=== The data ===

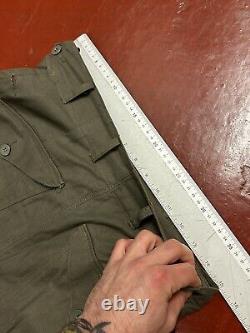 1950s 60s Swedish army fatigue pants wide baggy legs military surplus W30 Small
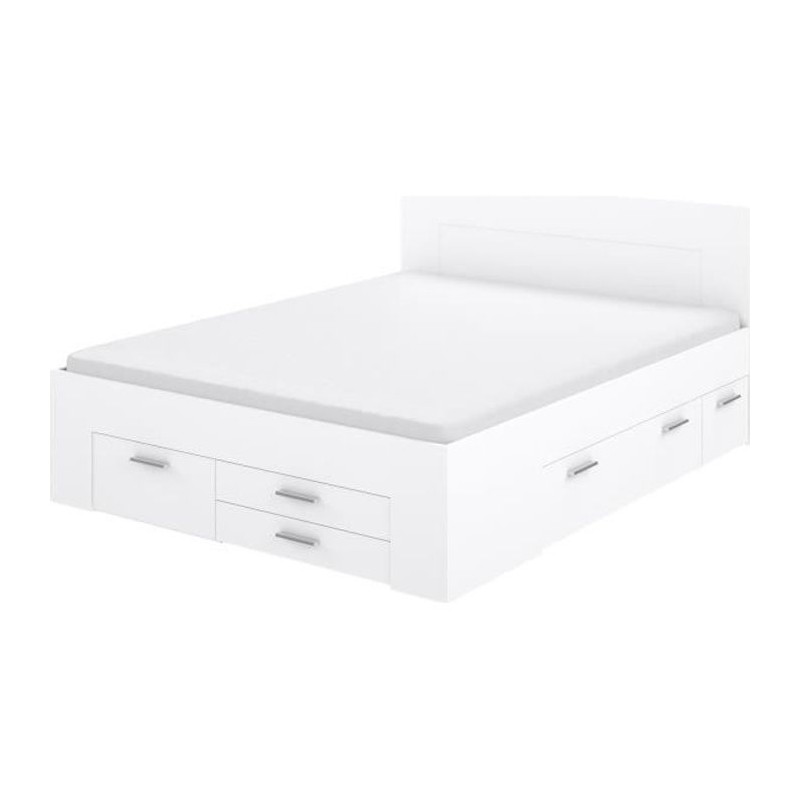 Lit adulte contemporain 160x200 cm - 4 tiroirs - 2 chevets avec niche Lit adulte contemporain 160x200 cm - 4 tiroirs - 2 chevets avec niche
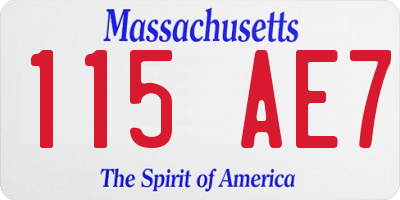 MA license plate 115AE7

=== Task details ===
Skip every picture, and give the rest of the material above again exactly.

=== Written reply ===
 1950s 60s Swedish army fatigue pants wide baggy legs military surplus W30 Small
 Lit adulte contemporain 160x200 cm - 4 tiroirs - 2 chevets avec niche Lit adulte contemporain 160x200 cm - 4 tiroirs - 2 chevets avec niche
 MA license plate 115AE7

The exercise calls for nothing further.